→ **EXERCISE INSTRUCTIONS**:
Go through the listing and repeat each entry exactly, but include no pictures.

*****

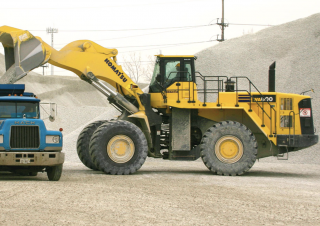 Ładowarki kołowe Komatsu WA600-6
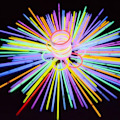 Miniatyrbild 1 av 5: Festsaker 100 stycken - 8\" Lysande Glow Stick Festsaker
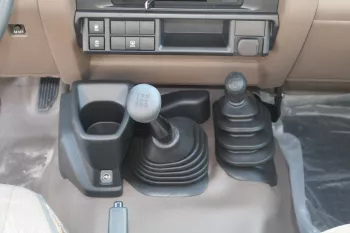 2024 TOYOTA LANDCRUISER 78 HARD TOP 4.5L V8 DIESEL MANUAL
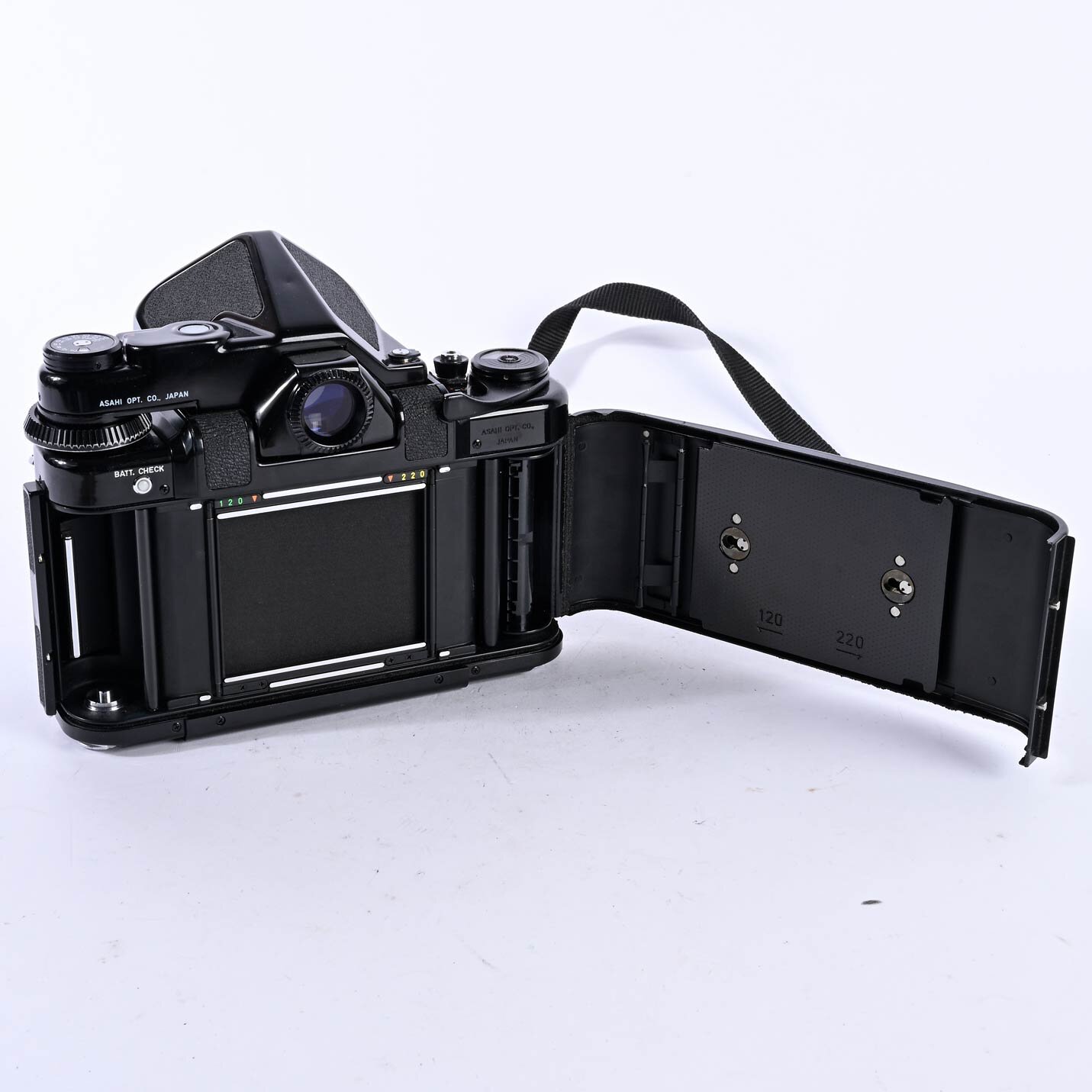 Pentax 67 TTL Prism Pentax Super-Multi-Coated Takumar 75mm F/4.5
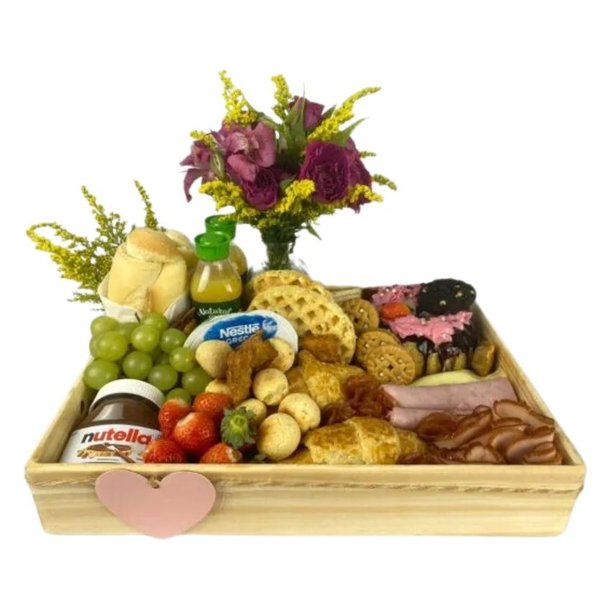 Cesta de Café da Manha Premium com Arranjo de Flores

*****

→ **YOUR SOLUTION**:
 Ładowarki kołowe Komatsu WA600-6
 Miniatyrbild 1 av 5: Festsaker 100 stycken - 8\" Lysande Glow Stick Festsaker
 2024 TOYOTA LANDCRUISER 78 HARD TOP 4.5L V8 DIESEL MANUAL
 Pentax 67 TTL Prism Pentax Super-Multi-Coated Takumar 75mm F/4.5
 Cesta de Café da Manha Premium com Arranjo de Flores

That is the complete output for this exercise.